ETICHETTA: 42 Records
GENERE: Dance pop, indie pop, alt pop
TRACKLIST:
1. Theme from the Cameretta
2. Hipsteria
3. Door Selection
4. Velleità
5. Le Coppie
6. Il Pranzo di Santo Stefano
7. Post Punk
8. Roma Nord (feat. Cris X)
9. I Pariolini di Diciott’Anni
10. Perdona e Dimentica
11. Wes Anderson
La collocazione più generica possibile sarebbe quella più adatta per un disco come Il Sorprendente Album d’Esordio dei Cani, icona insormontabile di una discografia da anni zero (e relativo post), preoccupata sempre più di emanciparsi dalle categorie più in voga (new wave, indie, pop, e sempre più inopportune concatenazioni e derivazioni) ma ben concentrata sul valore dei testi, diventati strumento di comunicazione potente per individuare una base di fan in quanto a generazione, contesto e gusti musicali. Ci sono riusciti, in ordine sparso, e con indici di gradimento diversi: Bugo, Dente, Brunori Sas, Le Luci della Centrale Elettrica (criticato in uno dei testi), Edipo, e molti, molti altri. Riferimenti alla contemporaneità tecnologica da social network, alle vere e proprie sovrastrutture dominanti che sono televisione, internet e musica, e alla quotidianità più liquida e sgangherata, sono all’ordine del giorno nel “nuovo cantautorato”, e anche se non si può parlare di cantautorato, I Cani arrivano, anzi arriva (il cane è uno solo), nel momento buono per approfittarne.
L’hype iper-confezionata che è stata cucita loro addosso ancora prima dell’uscita del “sorprendente album d’esordio” ha già, scusatemi il francesismo, rotto i coglioni, e non si può assolutamente gustare un disco con una pubblicità a scatola chiusa fatta in questa maniera, sfruttando in maniera devastante ogni possibile canale online per massacrare la popolarità di un artista prima ancora che esca: non stiamo ad individuare il colpevole, passiamo piuttosto alla musica, augurandoci che il cattivo esempio dell’eccesso di attenzione che ha contribuito a rovinare le carriere soprattutto di Ministri e Vasco Brondi, non prosegua nel martoriare anche quella del romano.

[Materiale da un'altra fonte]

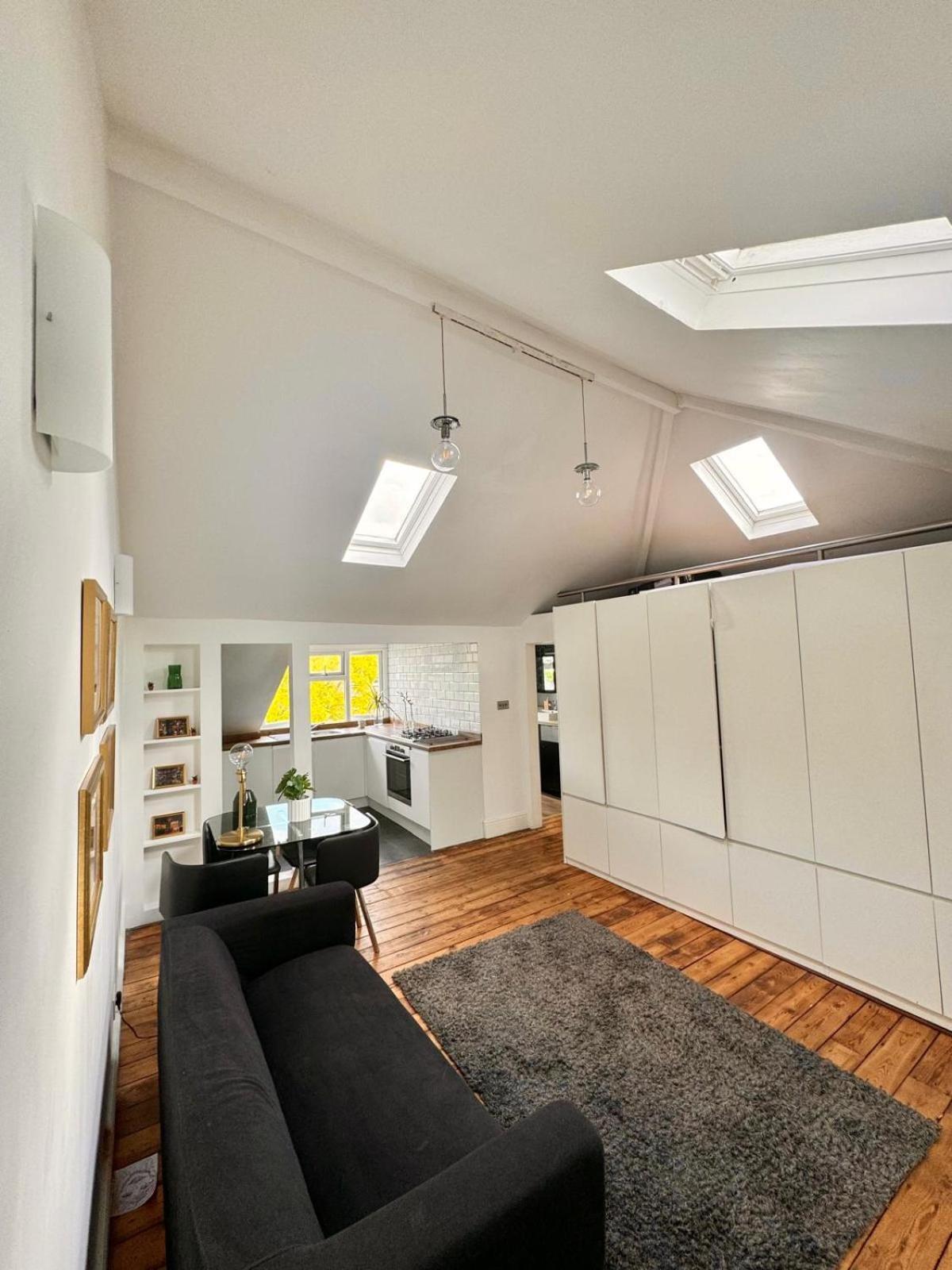 Stylish Floor Flat In The Heart Of Camden! *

La densità di qualità del disco è notevole, ci sono delle derive post-punk assolutamente eighties all’interno del sottosuolo musicale, che però non è, come dicevamo, l’attrattiva principale di questo lavoro: sintetizzatori lobotomizzati ma fortemente dance sottostanno in maniera quasi barocca (e per niente originale, si possono intercambiare tutti i testi con tutte le canzoni, grazie anche alla banalità delle linee vocali) ai testi, vero fulcro dell’album.
Le interpretazioni che si possono dare di queste liriche sono due: un tentativo di sparare su tutto e tutti, in pieno stile dissing da rapper, in modo da piacere a tutto e tutti, oppure un tentativo di parlare di tutto e tutti, per piacere ancora di più a tutti quanti. Se fosse la prima, sarebbe difficile capire il perché, e infatti si propenderebbe più per la seconda perché in una bolla di qualunquismo evidente grattata da parole graffianti e gonfie di significato ci siamo tutti noi: i “pariolini” rappresentano ben altro che semplici abitanti di un quartiere di Roma, i nati nei vari decenni citati in “Velleità” sono un po’ in confusione cronologicamente ma in tanti ci si possiamo riconoscere, e così potremo estendere la cosa anche ai vari innamorati che saranno sicuramente interessati a verificare l’attendibilità delle statistiche citate in “Le Coppie”. Il risultato è un disco in realtà molto fighetto, hipster anche se contro gli stessi hipster si scaglia, dove brani come “Il Pranzo di Santo Stefano” e “Wes Anderson” sono riempitivi belli e buoni, seppur centrali per la comprensione della confezione come un avvenimento unico nel nostro duemilaundici musicale.
Un approccio polemico a tutto, si sa, piace, ed è proprio questo il modo che ha “il cane” per sfondare le porte aperte della critica sociale intesa come critica alla massa. Che poi più di critica, si debba parlare di apprezzamento condizionato dalla voglia di distinguersi, questo è ovvio.
Ora riempite questo progetto di attenzione, baciatelo, lustrategli le scarpe e sommergetelo di premi: se resisterà a questo bombardamento mediatico completamente usurante, avremo un vero genio, ma lo scopriremo solo dal secondo disco. Il “sorprendente esordio” di sorprendente ha solo il numero di articoli prodotti prima e dopo la sua uscita, ma tolta la cortina di fumo talmente patinato da perdere la sua tossicità naturale, ci rimane un disco di sicuro interesse per un pubblico molto largo e distinto. Ci vediamo al tour invernale?